Top of TASK INPUTS
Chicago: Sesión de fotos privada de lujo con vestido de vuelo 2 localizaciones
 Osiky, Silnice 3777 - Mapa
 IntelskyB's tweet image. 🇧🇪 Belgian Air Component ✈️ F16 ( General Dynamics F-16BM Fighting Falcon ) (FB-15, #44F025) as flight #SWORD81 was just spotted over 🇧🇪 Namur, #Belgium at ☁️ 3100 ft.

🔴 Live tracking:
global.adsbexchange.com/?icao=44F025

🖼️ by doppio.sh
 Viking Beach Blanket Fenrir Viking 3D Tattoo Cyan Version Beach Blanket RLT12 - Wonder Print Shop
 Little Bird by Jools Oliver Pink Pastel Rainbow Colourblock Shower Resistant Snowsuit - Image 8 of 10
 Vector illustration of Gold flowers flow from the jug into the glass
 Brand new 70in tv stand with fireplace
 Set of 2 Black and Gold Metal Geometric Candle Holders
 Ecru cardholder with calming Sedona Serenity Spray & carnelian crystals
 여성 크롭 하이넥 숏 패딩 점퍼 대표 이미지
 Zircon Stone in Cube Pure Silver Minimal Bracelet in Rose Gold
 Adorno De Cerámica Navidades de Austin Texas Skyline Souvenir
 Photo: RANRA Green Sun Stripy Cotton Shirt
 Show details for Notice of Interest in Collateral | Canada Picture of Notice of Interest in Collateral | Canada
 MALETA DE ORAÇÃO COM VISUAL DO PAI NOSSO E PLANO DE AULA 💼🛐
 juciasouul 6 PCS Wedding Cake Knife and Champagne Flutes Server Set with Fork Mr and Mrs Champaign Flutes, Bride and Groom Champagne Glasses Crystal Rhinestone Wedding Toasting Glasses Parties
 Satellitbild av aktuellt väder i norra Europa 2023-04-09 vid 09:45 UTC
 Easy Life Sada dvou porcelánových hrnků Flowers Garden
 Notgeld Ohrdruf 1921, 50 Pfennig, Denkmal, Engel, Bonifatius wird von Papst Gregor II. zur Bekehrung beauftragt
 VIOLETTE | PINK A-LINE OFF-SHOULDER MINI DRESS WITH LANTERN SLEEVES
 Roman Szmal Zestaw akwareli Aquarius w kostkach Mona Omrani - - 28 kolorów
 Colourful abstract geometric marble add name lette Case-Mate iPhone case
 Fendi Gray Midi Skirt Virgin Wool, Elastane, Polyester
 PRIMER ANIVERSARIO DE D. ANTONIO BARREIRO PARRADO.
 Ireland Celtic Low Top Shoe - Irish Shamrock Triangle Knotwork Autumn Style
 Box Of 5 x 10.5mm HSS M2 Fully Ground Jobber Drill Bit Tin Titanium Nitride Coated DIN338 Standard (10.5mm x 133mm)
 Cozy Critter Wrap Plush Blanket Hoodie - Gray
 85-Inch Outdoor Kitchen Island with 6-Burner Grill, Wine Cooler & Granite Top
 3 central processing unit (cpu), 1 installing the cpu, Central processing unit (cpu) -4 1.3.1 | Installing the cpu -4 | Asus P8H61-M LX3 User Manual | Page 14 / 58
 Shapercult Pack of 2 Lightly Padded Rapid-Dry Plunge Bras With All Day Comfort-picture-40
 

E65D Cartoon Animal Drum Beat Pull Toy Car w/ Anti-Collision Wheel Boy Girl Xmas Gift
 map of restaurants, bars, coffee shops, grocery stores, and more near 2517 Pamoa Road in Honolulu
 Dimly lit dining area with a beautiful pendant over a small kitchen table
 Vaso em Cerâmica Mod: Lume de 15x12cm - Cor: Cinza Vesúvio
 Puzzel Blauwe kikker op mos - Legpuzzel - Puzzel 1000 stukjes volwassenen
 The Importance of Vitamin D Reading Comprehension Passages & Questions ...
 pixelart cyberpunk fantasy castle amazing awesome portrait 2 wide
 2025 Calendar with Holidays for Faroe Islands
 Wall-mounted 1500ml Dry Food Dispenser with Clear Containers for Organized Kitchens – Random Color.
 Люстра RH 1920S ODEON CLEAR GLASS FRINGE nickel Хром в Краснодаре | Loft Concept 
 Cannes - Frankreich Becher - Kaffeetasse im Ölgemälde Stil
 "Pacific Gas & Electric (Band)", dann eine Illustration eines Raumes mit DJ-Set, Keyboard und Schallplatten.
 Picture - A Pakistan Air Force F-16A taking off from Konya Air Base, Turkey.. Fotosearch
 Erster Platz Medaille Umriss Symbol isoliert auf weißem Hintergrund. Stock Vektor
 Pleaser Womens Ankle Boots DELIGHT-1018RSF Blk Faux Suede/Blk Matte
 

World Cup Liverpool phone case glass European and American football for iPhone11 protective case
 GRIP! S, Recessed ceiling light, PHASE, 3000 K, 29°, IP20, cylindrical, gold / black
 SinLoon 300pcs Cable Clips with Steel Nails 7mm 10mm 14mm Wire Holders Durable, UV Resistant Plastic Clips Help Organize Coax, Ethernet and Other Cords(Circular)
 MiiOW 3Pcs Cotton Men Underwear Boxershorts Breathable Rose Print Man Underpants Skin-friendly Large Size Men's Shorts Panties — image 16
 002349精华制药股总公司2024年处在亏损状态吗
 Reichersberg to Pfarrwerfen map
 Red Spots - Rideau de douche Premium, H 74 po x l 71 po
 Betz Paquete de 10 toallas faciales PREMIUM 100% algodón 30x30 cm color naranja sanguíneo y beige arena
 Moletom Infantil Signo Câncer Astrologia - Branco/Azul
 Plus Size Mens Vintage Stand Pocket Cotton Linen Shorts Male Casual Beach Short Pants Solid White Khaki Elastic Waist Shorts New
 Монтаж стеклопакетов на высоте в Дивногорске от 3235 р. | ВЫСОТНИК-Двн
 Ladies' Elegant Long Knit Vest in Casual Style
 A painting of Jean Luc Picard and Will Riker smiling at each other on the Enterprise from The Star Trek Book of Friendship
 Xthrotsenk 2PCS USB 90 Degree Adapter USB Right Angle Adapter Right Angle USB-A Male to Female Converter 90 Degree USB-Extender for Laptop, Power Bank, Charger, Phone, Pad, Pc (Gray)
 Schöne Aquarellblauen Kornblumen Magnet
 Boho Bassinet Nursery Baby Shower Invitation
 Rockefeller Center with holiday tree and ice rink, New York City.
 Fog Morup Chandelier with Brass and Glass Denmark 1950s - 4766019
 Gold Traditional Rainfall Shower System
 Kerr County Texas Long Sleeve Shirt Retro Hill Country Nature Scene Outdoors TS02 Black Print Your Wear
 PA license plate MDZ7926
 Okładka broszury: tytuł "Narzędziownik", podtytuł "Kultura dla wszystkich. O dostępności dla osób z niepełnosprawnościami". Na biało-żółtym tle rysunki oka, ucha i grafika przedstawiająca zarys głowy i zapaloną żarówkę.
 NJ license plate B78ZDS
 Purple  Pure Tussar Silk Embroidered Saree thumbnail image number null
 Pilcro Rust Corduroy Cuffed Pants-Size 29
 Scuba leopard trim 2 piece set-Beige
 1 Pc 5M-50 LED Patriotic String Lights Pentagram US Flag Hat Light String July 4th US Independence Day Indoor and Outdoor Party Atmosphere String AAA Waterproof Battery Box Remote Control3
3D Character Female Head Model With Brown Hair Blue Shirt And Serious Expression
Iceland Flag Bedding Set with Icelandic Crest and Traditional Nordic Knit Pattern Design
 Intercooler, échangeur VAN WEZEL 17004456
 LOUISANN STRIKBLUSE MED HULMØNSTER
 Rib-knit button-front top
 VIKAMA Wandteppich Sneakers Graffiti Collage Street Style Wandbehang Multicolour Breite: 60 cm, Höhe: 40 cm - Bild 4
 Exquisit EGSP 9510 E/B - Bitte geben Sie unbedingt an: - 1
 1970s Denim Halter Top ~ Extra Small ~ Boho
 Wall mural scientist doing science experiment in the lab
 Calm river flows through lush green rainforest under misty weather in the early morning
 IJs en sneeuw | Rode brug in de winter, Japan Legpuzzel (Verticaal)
Bottom of TASK INPUTS
(TASK OBJECTIVE) If a line of the records above holds the word "Rose", show it.

(EXERCISE SOLUTION)
 Zircon Stone in Cube Pure Silver Minimal Bracelet in Rose Gold
 MiiOW 3Pcs Cotton Men Underwear Boxershorts Breathable Rose Print Man Underpants Skin-friendly Large Size Men's Shorts Panties — image 16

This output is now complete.